What’s So Controversial About Ivanka Trump’s China Trademarks?

The brand founded by first daughter Ivanka Trump appears to be gaining ground in China.

Since April 20, the Ivanka Trump Collection has been granted provisional approval for four new trademarks, the Associated Press reported today. The brand — launched by Trump as a jewelry line in 2007 — is also seeking more intellectual-property protection in China, with at least 14 applications filed around the time she took on an official White House role, according to the Associated Press.

While many brands with a global presence take similar steps to protect their businesses in China, Trump’s label has been under scrutiny; some reports suggest that her role in the White House has helped push her line through the trademark application process. (Trump announced in January that she would step down from her roles at the Trump Organization and her fashion brand, and has since taken on the post of advisor to President Donald Trump. Assets for the brand have been placed in a trust managed by the family of Ivanka Trump’s husband, Jared Kushner.)

Fueling speculation: On April 6 — the same day that Trump and her husband dined with Chinese President Xi Jinping — her eponymous label reportedly won provisional approval from the Chinese government for three new trademarks. The trademarks, AP reported, would give the brand monopoly rights to sell Ivanka Trump jewelry, bags and spa services in China.

In an email statement to Footwear News today, Ivanka Trump brand president Abigail Klem reiterated the company’s stance on its need to seek trademark protection in China and elsewhere.

These and other filings in other countries are made in the normal course of business for any company in these categories,” Klem said.
”The brand has filed, updated and rigorously protected its international trademarks over the past several years in the normal course of business, especially in regions where trademark infringement is rampant. We have recently seen a surge in trademark filings by unrelated third parties trying to capitalize on the name, and it is our responsibility to diligently protect our trademark.” (The company sent a similar statement to FN in April when reports of new China trademarks first surfaced.)

Matt Priest, president and CEO of the Footwear Distributors and Retailers of America, said that the decision — on the part of the Ivanka Trump brand — to protect its intellectual property in counterfeit-ridden China is smart.

It’s vitally important that brands protect themselves in China — we’ve learned this the hard way in a number of high-profile cases,” Priest said, referencing Michael Jordan’s hard-fought battle with China-based brand Qiaodan Sports. “[The Ivanka Trump brand is] doing the right things in protecting themselves.”

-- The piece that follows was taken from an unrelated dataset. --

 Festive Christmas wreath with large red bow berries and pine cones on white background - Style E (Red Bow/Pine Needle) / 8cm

Steve Lamar, EVP of the American Apparel and Footwear Association, shared similar sentiments about a heightened need to seek brand protection in China.

Protecting your intellectual property, including your trademarks, is Business 101 in China. It is a basic requirement of any operational plan in China,” Lamar said. “This means availing yourself of all available registration opportunities, defending against trademark squatters and monitoring online platforms for potential infringement. The scope of the Chinese market and the counterfeiting problem there means companies have to go to even greater lengths to ensure that their brands and their identities are not stolen.”

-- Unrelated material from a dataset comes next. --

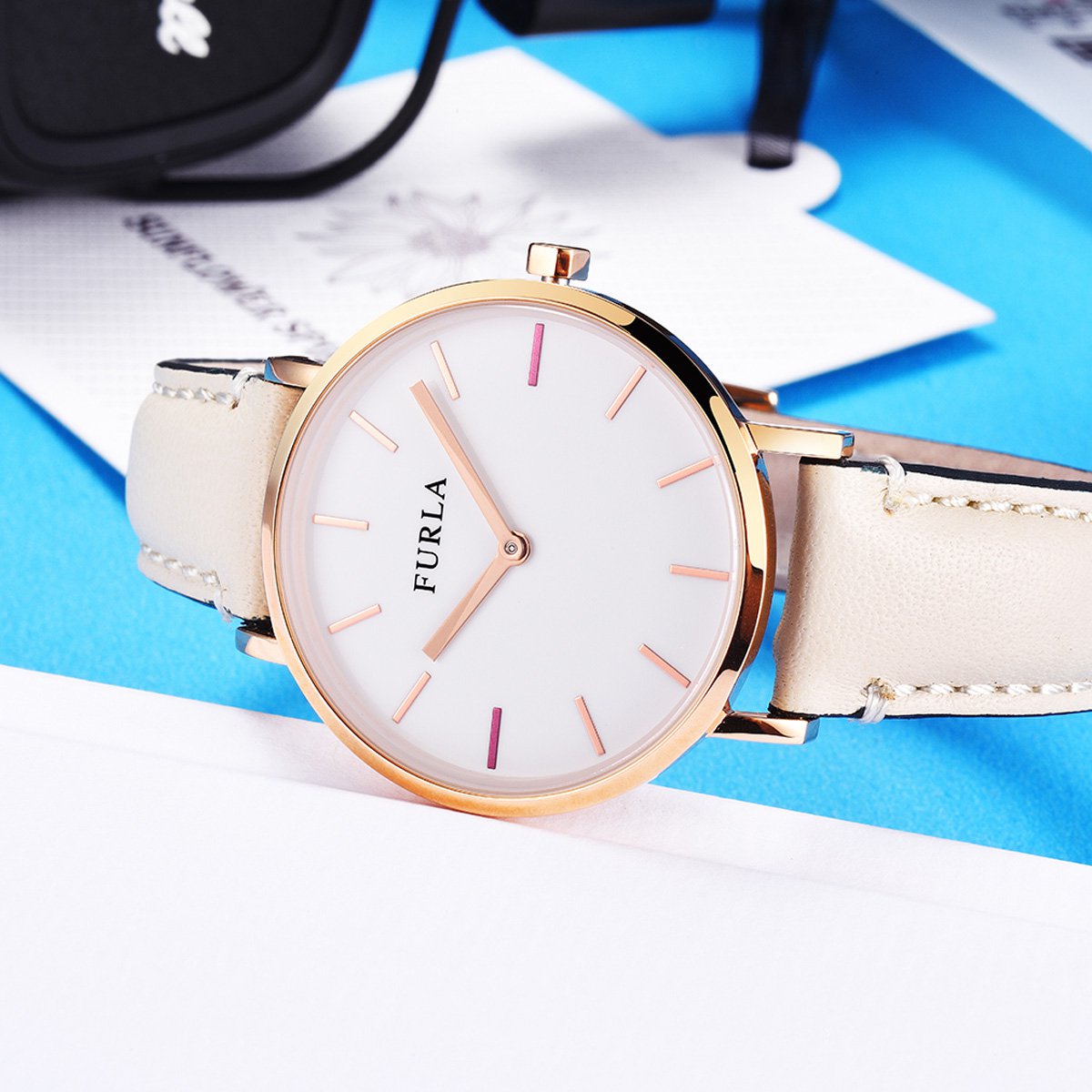 furla 芙拉 白色表盘表圈玫瑰金24mm牛皮女士石英女表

Still, Priest — who has spent 15 years on Capitol Hill and also worked as a presidential appointee under George W. Bush — said he wouldn’t rule out the possibility that Trump’s label was helped through the process due to its founder’s political influence.

Having been in the government, I can tell you that anytime heads of states meet up — and I’ve been a part of this process — there are deliverables,” Priest said. “Whether granting trademarks to Ivanka Trump’s brand was one of the deliverables during U.S. meetings with China, it’s hard to know. But it’s possible.